RECORDS SHOWN:
● ● ●

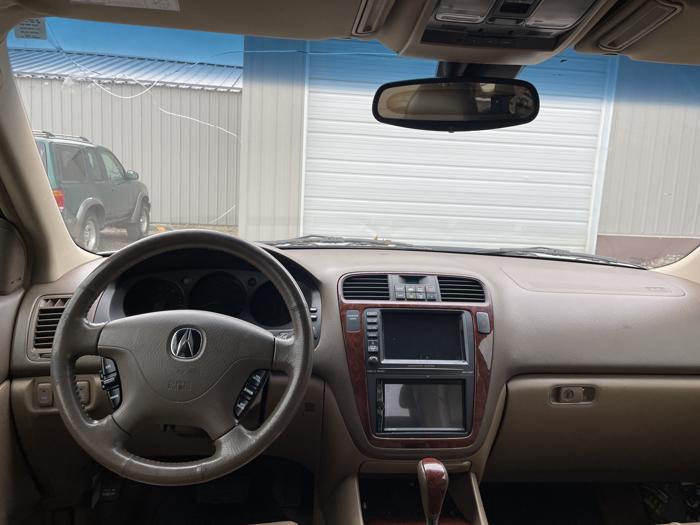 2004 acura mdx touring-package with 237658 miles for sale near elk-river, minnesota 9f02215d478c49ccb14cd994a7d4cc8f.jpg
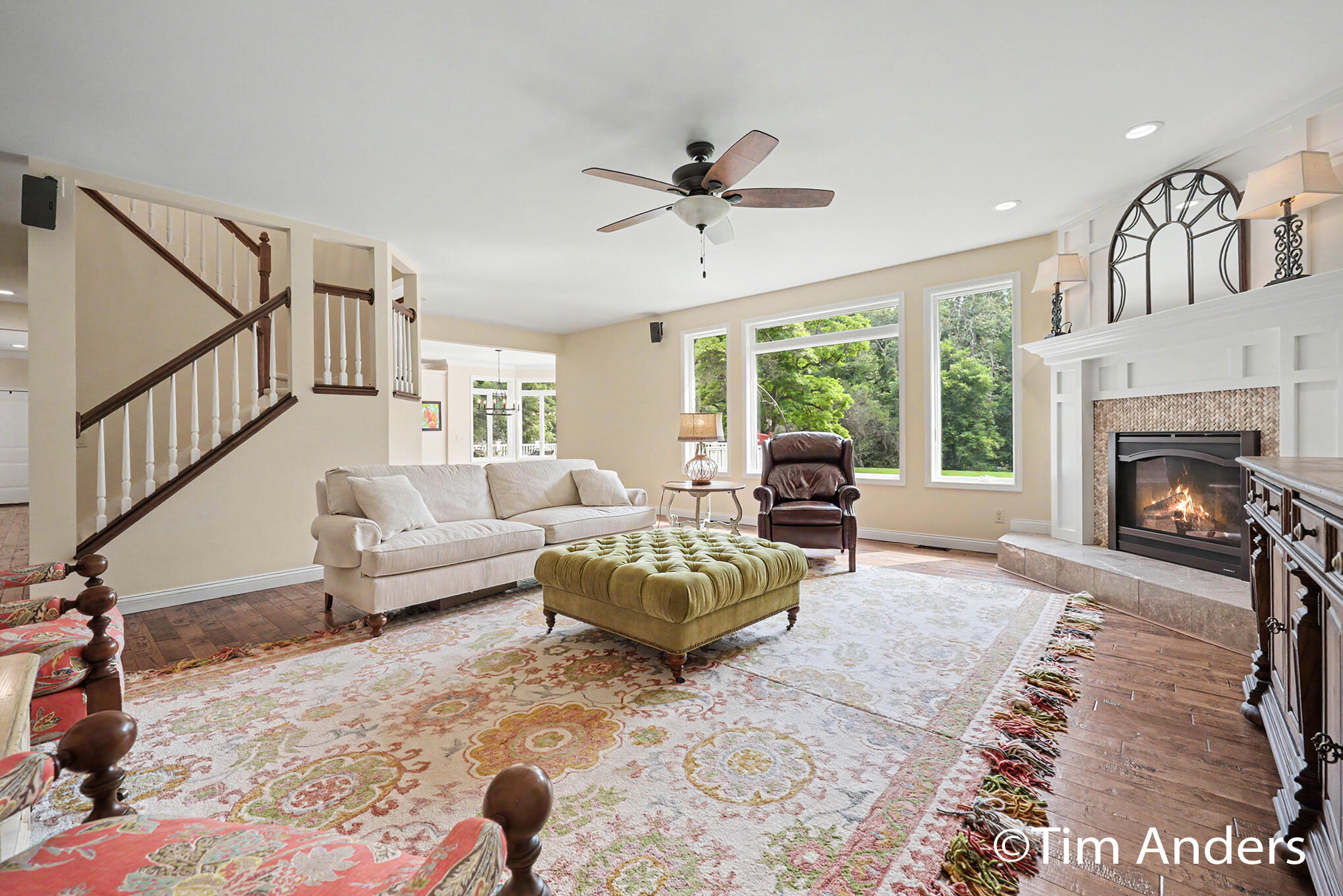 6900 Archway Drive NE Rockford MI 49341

● ● ●

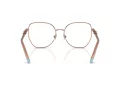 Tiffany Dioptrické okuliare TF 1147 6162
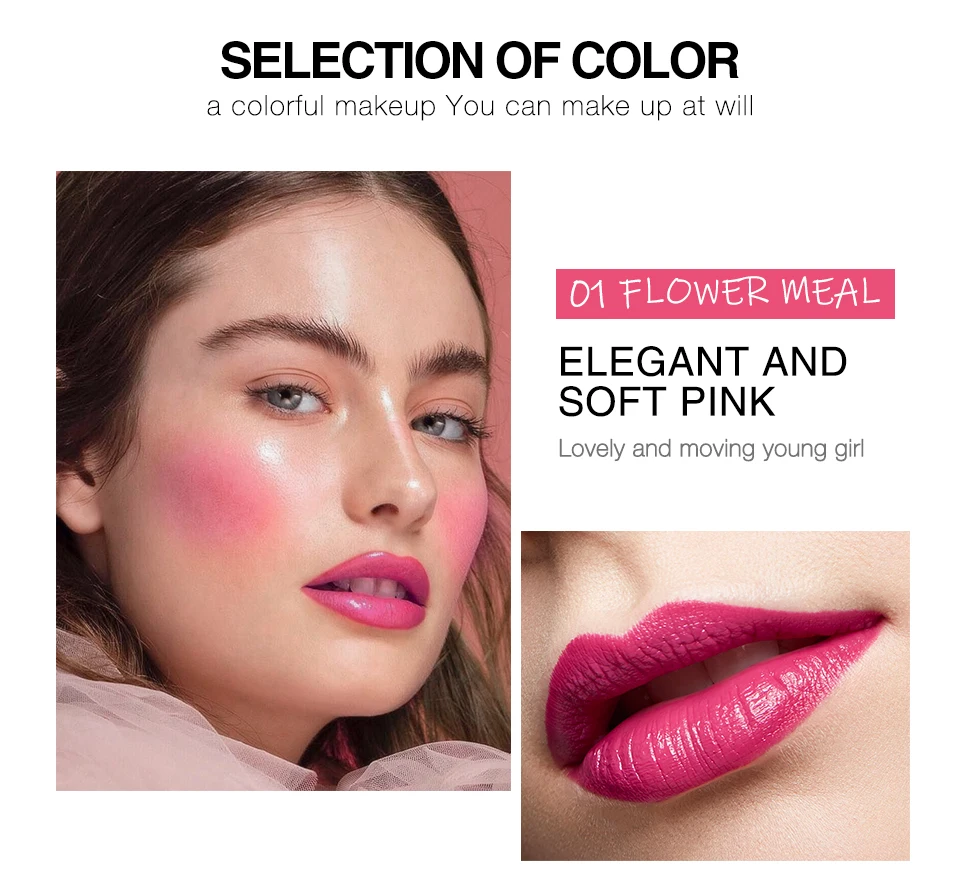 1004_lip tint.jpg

● ● ●

TASK DETAILS:
Copy the lines above exactly, starting at the one with "Tiffany Dioptrické okuliare TF 1147 6162" and ending at the one with "1004_lip tint.jpg", both included. Leave out any pictures and add nothing else.

TASK OUTPUT:
 Tiffany Dioptrické okuliare TF 1147 6162
 1004_lip tint.jpg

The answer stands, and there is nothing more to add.